Yoga juga menjelaskan, yang diputus pada peradilan saat itu hanyalah hak tanam tumbuhnya. Sedangkan isi putusannya pun bukan ke substansi pokok perkara haknya, tetapi masih legal standing subjek atau orang yang mengajukan gugatannya saja.
Diketahui, kata Yoga, dalam hal kepemilikan lahan atau tanah, yang mengatur adalah undang-undang pokok agraria yang masuk wilayah hukum publik. Dan alas hak yang dimiliki oleh ahli waris Raden Kasan Djajadiningrat semua sesuai yang diakui Undang-undang Pokok Agraria ada Vervonding kemudian hasil konfersi ke hukum nasionalnya berupa Leter C.
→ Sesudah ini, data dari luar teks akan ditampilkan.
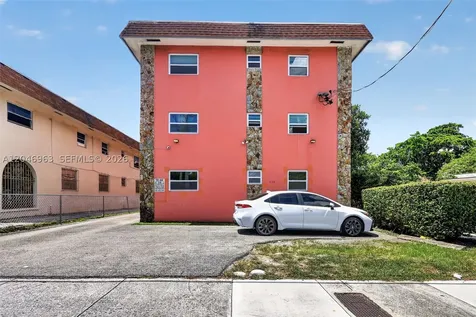 458 SW 9th Street Miami FL 33130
“Itu tercatat di buku tanah desa dan dibuktikan dengan kami taat membayar Pajak Bumi dan Bangunannya selama bertahun-tahun. Ketika kami ingin meningkatkan ke sertifikat melalui BPN Sumedang ditolak dengan alasan lahan milik Perhutani. Kemudian alasan penolakan tersebut kami mengajukan gugatan ke Pengadilan Tata Usaha Negara Bandung. Putusan kami dikabulkan seluruhnya, dan diperintahkan untuk BPN Sumedang untuk menerbitkan sertifikat kami,” beber dia.
Yoga pun menambahkan, pada saat pemeriksaan awal pada persengketaan di PTUN, pihak hakim menilai jika Perhutani bukanlah pemilik lahan. Melainkan hanya mengurus tanam tumbuh saja.